Journalist and activist Itai Dzamara, 36, was still missing following his abduction from a barber shop in a Harare township on Monday.

Rights group Amnesty International described his abduction as "deeply alarming".

Zanu-PF spokesperson Simon Khaya Moyo told the Herald newspaper: "I do not even know the person in question [Dzamara] but [Tsvangirai] is trying to find a case to please his masters because they have nothing to offer the people."

Tsvangirai on Tuesday said he held President Robert Mugabe and his party responsible for Dzamara's abduction.

Government critics

The activist had been holding protests in central Harare calling for Mugabe to resign since late last year and has allegedly previously been beaten and abducted by police and suspected state agents.

However, Moyo insisted Zanu-PF was "not lawless".

"If they reported to police we are law-abiding and if there is anybody who commits a crime, police know what to do," Moyo told the Herald.

The MDC and government critics say the police are biased against the opposition.

Opposition politician and lawyer David Coltart said on Wednesday Dzamara's disappearance was "another in a long line of people over the last three decades".
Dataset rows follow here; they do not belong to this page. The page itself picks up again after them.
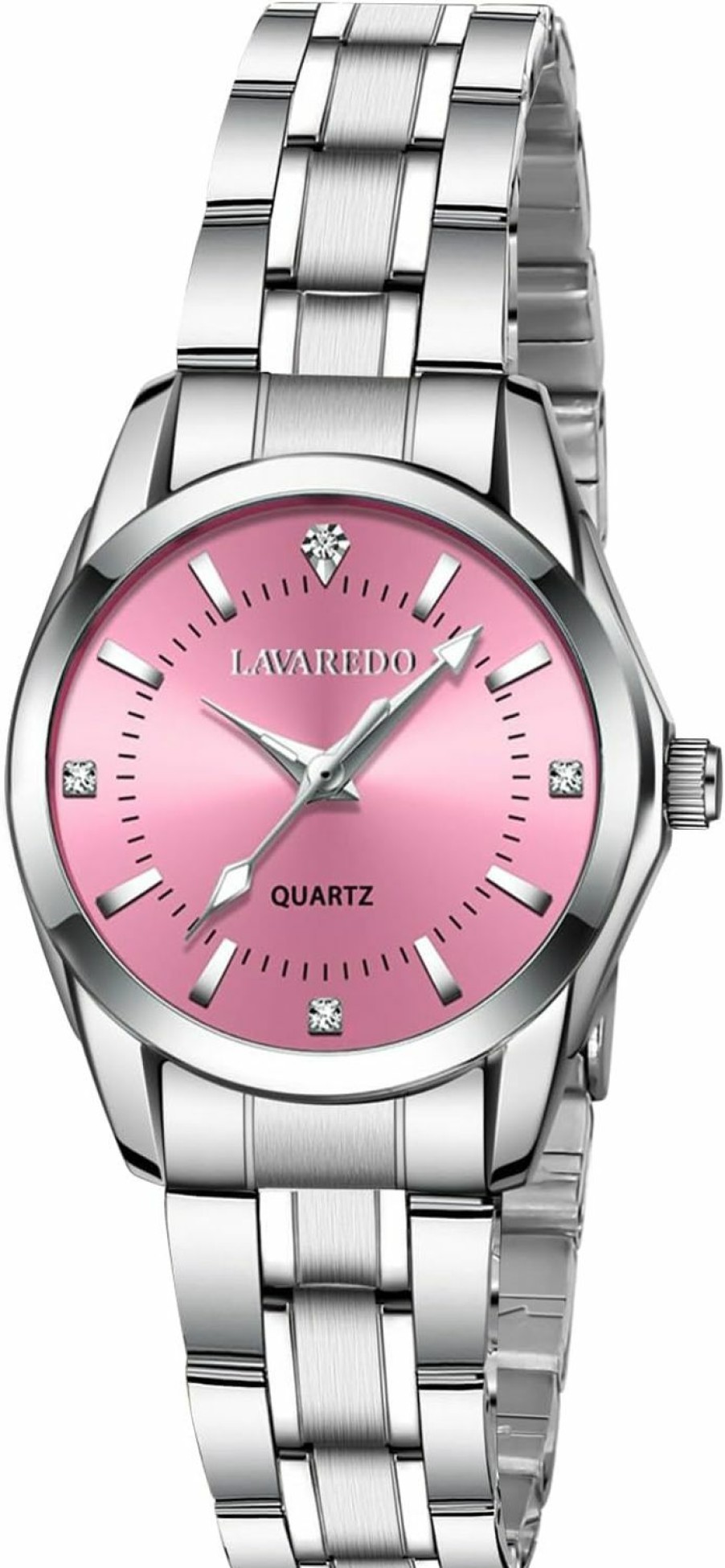 L LAVAREDO L Lavaredo Watches For Women, Stainless Steel Quartz Watch Waterproof Luminous, Luxury Dial Ladies Watch With Premium Crystal Accented Wholesale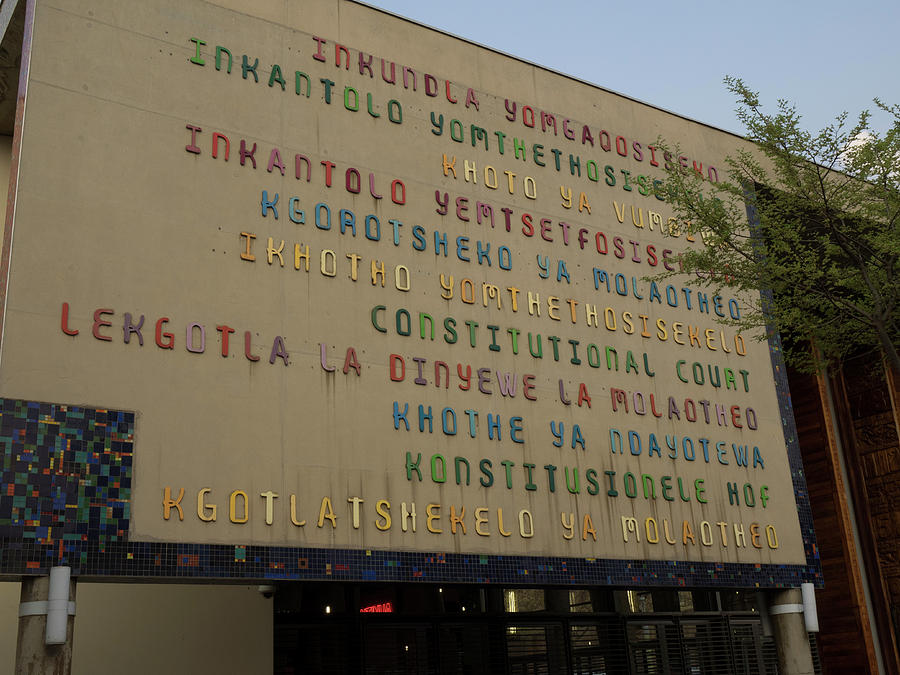 Architecture Photograph - Constitutional Court Signage In All by Panoramic Images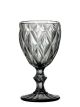 Bloomingville Weinglas ASANA Grau 320 ml kreatives Facetten Muster Rotweinglas 17x9 cm Glas Nr 82057569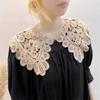 Crochet Fake Collar Cotton Shirt Collar Vintage Hollow Shawl  Blouse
Coltart wrote on Facebook: "I demand that those responsible release him immediately. This appalling conduct must end if Zimbabwe is to progress."

Relatives of Dzamara, whose Twitter account says he is the founder of Trinity Media in Zimbabwe, travelled to Goromonzi on the outskirts of Harare on Tuesday to investigate claims of a body there, but found nothing, lawyer Charles Kwaramba told Sapa.